#### Work to be completed
Every line of the material below should be output exactly as written, with the images skipped.

#### Data below
####

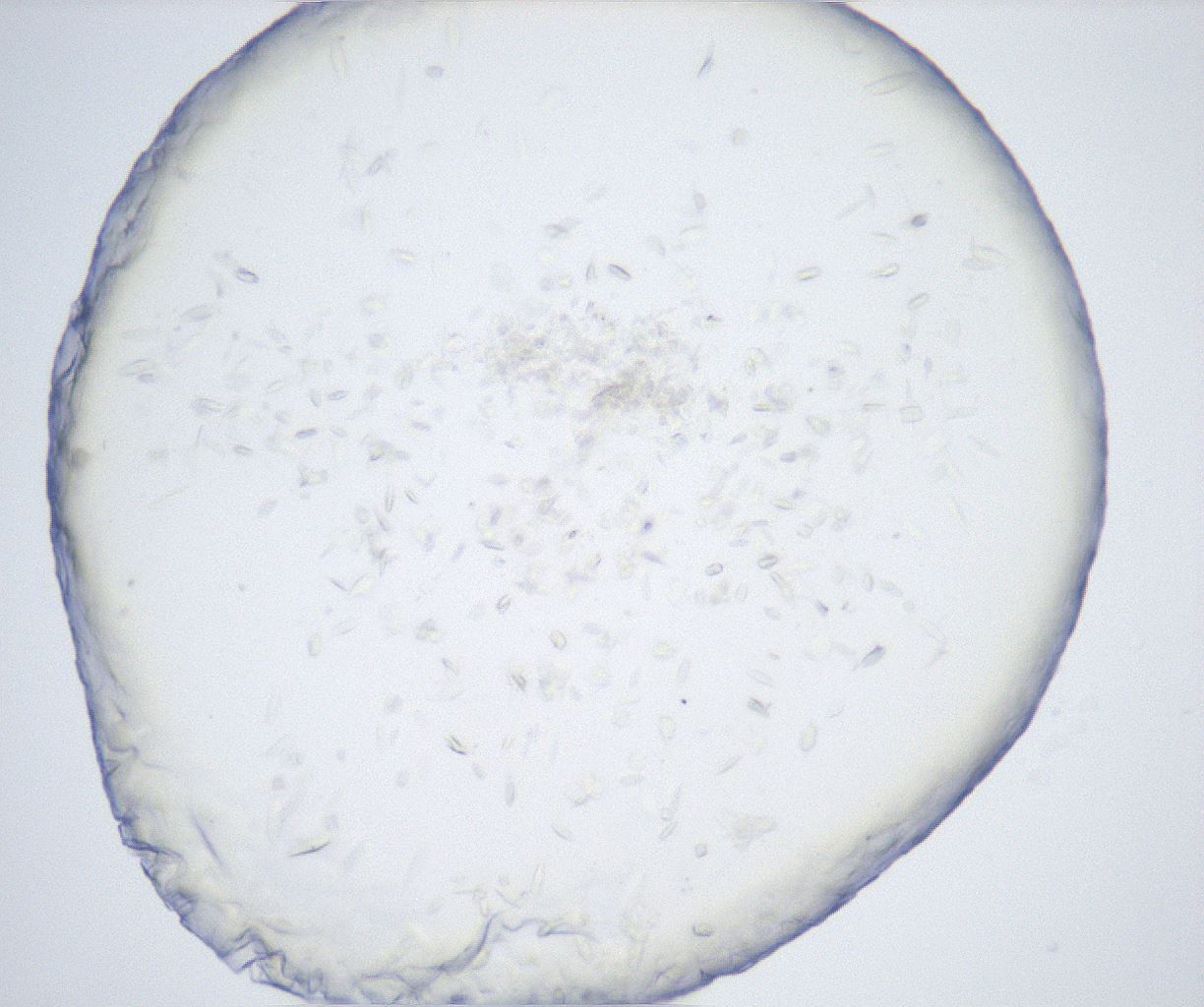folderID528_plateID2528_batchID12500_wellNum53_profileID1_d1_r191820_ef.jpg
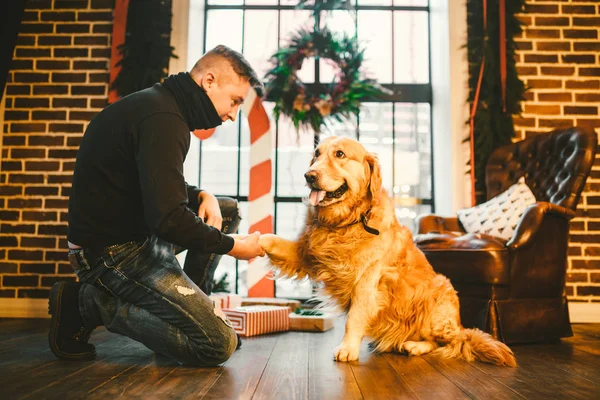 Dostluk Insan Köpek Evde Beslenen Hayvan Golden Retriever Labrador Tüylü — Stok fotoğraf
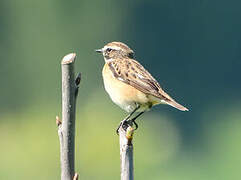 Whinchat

####

#### Your solution
folderID528_plateID2528_batchID12500_wellNum53_profileID1_d1_r191820_ef.jpg
 Dostluk Insan Köpek Evde Beslenen Hayvan Golden Retriever Labrador Tüylü — Stok fotoğraf
 Whinchat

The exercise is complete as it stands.